The sustained reduction in conjunctival blood flow velocity and vessel diameter following anti-inflammatory therapies in DED reported in the literature provides a mechanistic template supporting our observation of vascular normalization post-PRK [Zhao et al., 2022]. These microvascular regressions likely reflect diminished immune cell trafficking and decreased secretion of pro-inflammatory mediators, facilitating tear film stabilization and symptomatic relief.

This study’s relatively small sample size and limited duration of follow-up may restrict generalizability. Furthermore, systemic microvascular comorbidities were not extensively controlled for, though their influence on conjunctival circulation is acknowledged [14]. Future research with larger, more diverse populations and multimodal vascular imaging, including OCTA and FSLB—would deepen understanding of the hemodynamic-functional interplay in ocular surface healing. Longitudinal data extending beyond three months could elucidate predictors of chronic dry eye and refractive stability.

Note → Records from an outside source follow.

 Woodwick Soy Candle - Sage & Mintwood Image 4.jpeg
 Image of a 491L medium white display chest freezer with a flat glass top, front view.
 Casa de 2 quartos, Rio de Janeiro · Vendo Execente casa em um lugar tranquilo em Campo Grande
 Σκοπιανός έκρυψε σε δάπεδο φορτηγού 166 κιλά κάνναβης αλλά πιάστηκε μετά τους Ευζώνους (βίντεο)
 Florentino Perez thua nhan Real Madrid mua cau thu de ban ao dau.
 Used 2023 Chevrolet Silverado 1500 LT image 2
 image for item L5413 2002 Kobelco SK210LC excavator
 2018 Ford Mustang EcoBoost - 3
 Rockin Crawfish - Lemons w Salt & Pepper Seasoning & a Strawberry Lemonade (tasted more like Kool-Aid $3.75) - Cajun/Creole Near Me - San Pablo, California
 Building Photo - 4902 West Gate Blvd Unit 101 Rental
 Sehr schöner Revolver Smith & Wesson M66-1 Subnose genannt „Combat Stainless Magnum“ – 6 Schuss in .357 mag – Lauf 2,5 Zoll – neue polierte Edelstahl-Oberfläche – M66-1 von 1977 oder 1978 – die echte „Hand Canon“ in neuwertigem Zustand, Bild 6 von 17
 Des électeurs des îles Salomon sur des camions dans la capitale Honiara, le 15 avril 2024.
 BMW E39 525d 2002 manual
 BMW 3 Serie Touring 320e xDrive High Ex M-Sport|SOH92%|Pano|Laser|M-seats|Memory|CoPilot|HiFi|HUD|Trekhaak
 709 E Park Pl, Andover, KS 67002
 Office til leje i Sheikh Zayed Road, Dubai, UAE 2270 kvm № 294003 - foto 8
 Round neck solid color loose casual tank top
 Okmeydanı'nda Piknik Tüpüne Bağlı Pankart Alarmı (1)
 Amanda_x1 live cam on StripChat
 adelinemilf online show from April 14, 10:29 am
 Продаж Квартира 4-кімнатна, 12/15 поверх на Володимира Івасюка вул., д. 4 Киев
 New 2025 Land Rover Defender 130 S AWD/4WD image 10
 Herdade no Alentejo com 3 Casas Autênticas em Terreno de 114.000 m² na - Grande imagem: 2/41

There is also emerging interest in therapeutically targeting conjunctival microvasculature to mitigate chronic postoperative inflammation. Personalized anti-inflammatory regimens guided by objective vascular biomarkers might optimize recovery and quality of life for PRK patients.

Our study confirms that PRK induces significant, time-dependent alterations in conjunctival microcirculation, paralleling patterns observed in dry eye disease. These vascular changes, quantitatively assessed by OCTA and contextualized through comparative hemodynamic data, correlate strongly with both dry eye symptom severity and visual acuity outcomes. Incorporating conjunctival microvascular evaluation into postoperative clinical protocols may provide valuable prognostic information and inform targeted therapeutic strategies to enhance refractive surgery success.